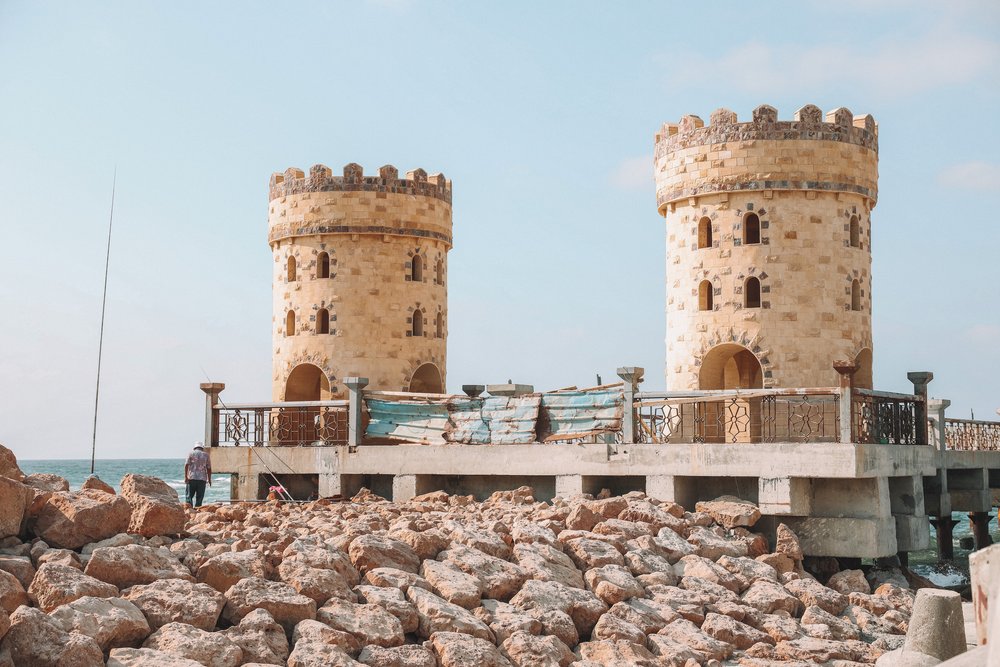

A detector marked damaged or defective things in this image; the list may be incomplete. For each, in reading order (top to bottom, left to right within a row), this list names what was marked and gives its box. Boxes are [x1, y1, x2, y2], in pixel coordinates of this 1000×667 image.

rusty metal sheet [364, 400, 450, 446]
rusty metal sheet [482, 396, 544, 444]
rusty metal sheet [540, 386, 624, 444]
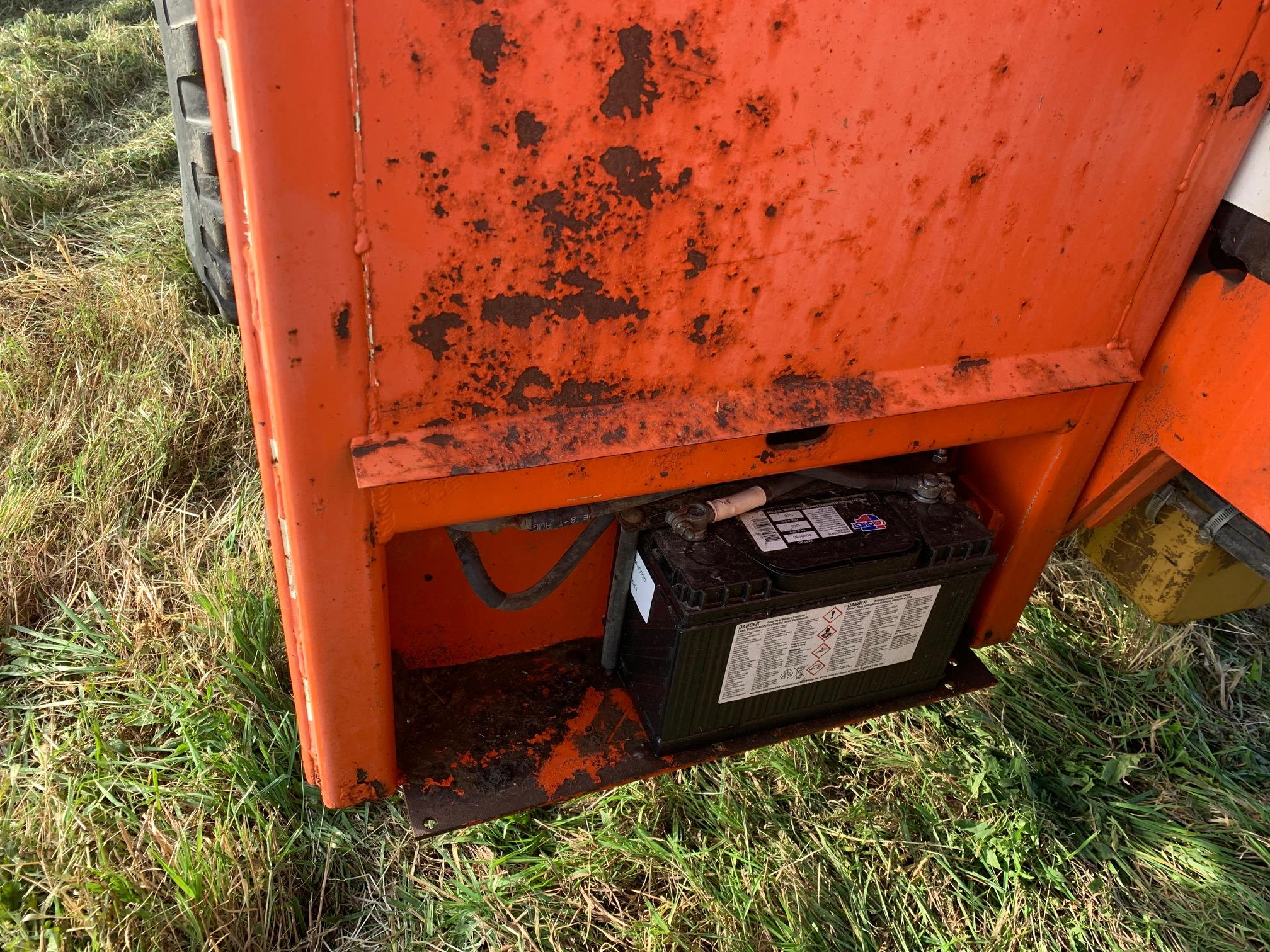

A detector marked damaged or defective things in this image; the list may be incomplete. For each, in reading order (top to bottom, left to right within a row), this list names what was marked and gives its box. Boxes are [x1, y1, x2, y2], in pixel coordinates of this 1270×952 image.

rusty orange metal panel [197, 0, 1270, 811]
rusty orange metal panel [1078, 268, 1270, 536]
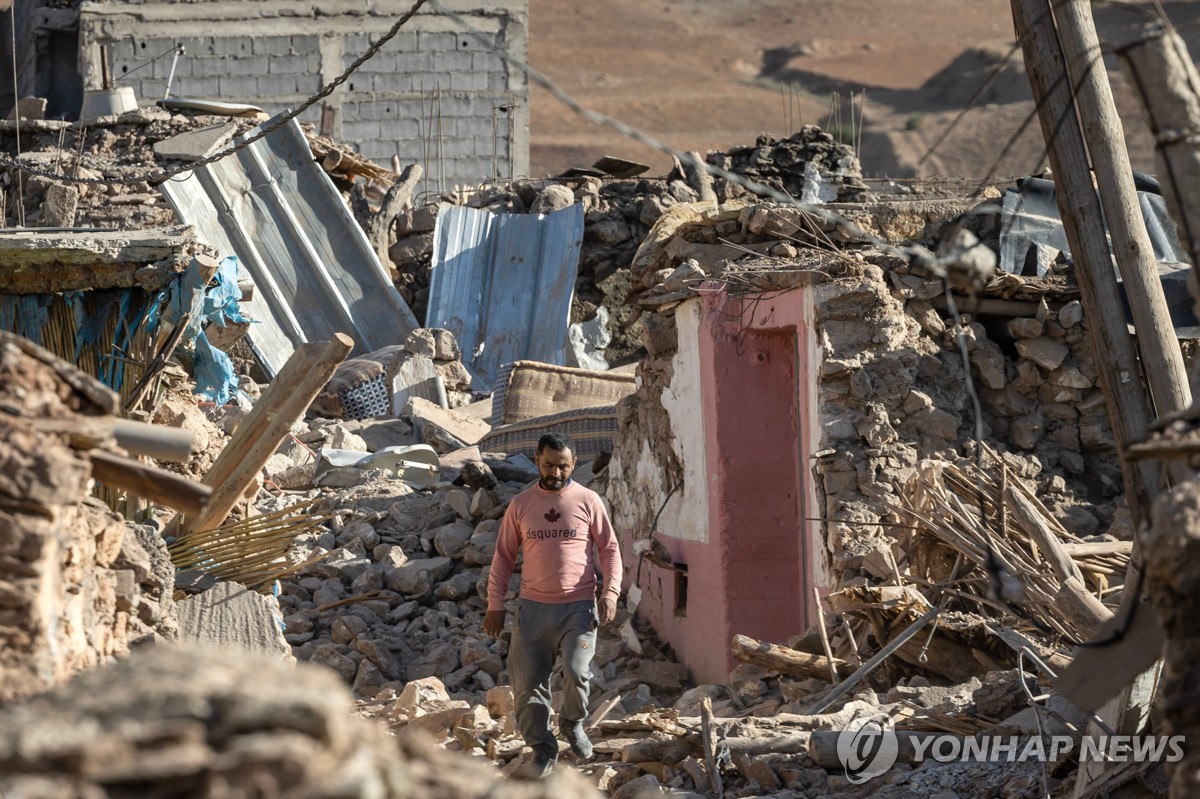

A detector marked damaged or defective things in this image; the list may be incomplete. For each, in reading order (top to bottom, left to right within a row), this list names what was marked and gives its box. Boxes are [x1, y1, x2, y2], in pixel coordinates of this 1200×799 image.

rusty metal sheet [159, 115, 420, 379]
rusty metal sheet [429, 199, 583, 386]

==========

Reproduce verbatim the stretch of lines beginning with the one containing "this 1200×799 image." and ending at the close of the entries above.

**Task answer**.
A detector marked damaged or defective things in this image; the list may be incomplete. For each, in reading order (top to bottom, left to right within a row), this list names what was marked and gives its box. Boxes are [x1, y1, x2, y2], in pixel coordinates of this 1200×799 image.

rusty metal sheet [159, 115, 420, 379]
rusty metal sheet [429, 199, 583, 386]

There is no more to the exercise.